• **Provided information**:
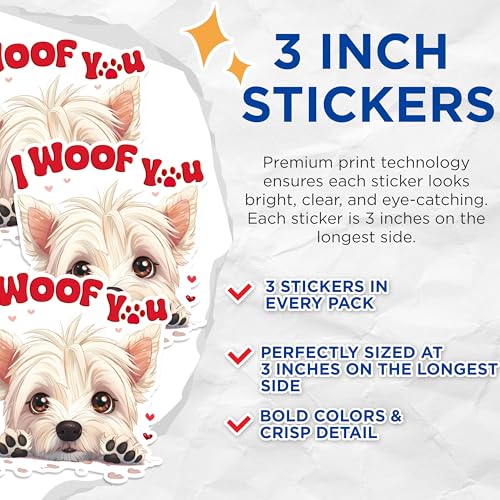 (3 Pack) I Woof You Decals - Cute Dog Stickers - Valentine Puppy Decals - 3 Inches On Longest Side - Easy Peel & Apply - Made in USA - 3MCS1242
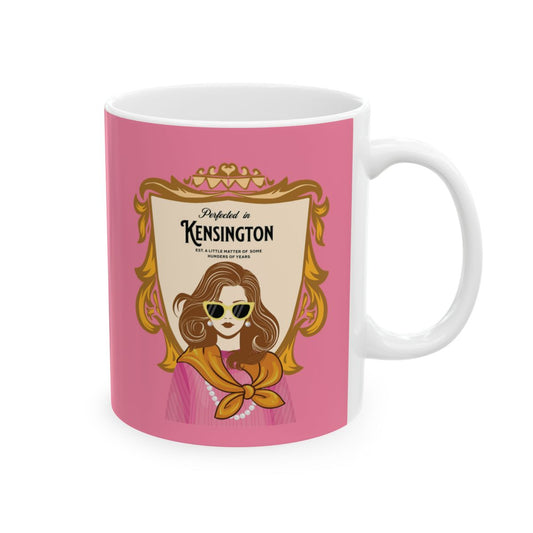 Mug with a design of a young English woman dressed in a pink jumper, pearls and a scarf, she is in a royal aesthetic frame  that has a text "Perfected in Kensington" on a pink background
---
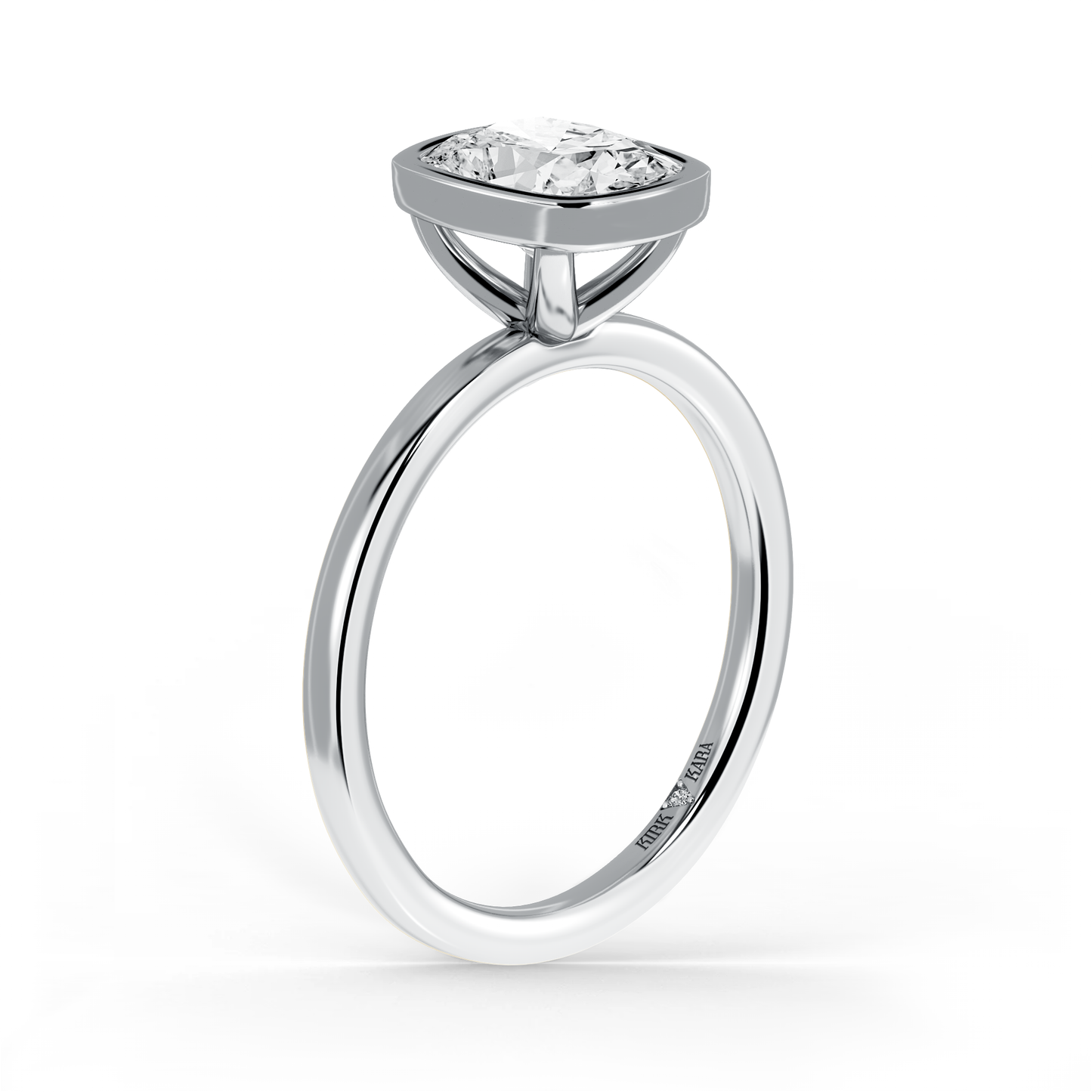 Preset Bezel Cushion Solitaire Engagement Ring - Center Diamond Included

• **Task prompt**: Reproduce the listing above exactly from the line containing "(3 Pack) I Woof" up to and including the line containing "Mug with a design", omitting any images and everything outside those lines.

• **Solution to this problem**:
 (3 Pack) I Woof You Decals - Cute Dog Stickers - Valentine Puppy Decals - 3 Inches On Longest Side - Easy Peel & Apply - Made in USA - 3MCS1242
 Mug with a design of a young English woman dressed in a pink jumper, pearls and a scarf, she is in a royal aesthetic frame  that has a text "Perfected in Kensington" on a pink background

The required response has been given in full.